_Exercise instructions_
Exact reproduction required: the lines below from the line with "家里换种盐血压真能降？医生大实话：关键不是少吃，而是吃对种类" to the line with "CASA A LA VENTA", both ends included, and no others.

━━━ Provided data

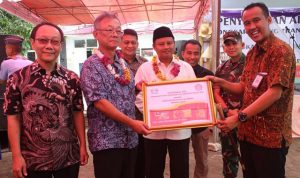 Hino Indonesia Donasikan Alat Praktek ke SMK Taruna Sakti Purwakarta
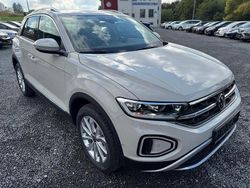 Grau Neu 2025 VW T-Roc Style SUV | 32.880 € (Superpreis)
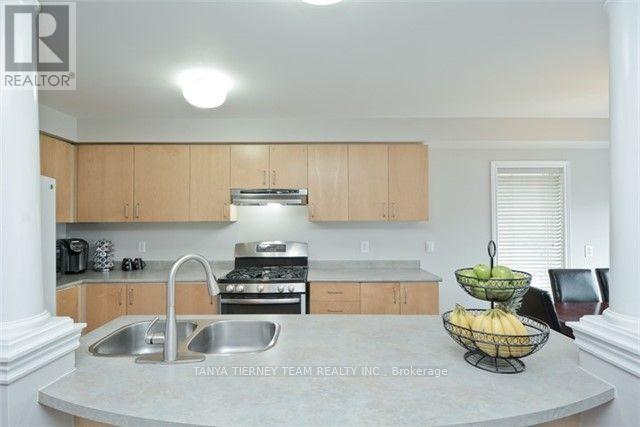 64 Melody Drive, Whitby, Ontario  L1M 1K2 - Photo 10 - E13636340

━━━━━━
━━━ Provided data

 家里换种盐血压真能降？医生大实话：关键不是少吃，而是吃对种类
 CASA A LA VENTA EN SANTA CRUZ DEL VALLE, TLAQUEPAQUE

━━━━━━

_Finished exercise_
 家里换种盐血压真能降？医生大实话：关键不是少吃，而是吃对种类
 CASA A LA VENTA EN SANTA CRUZ DEL VALLE, TLAQUEPAQUE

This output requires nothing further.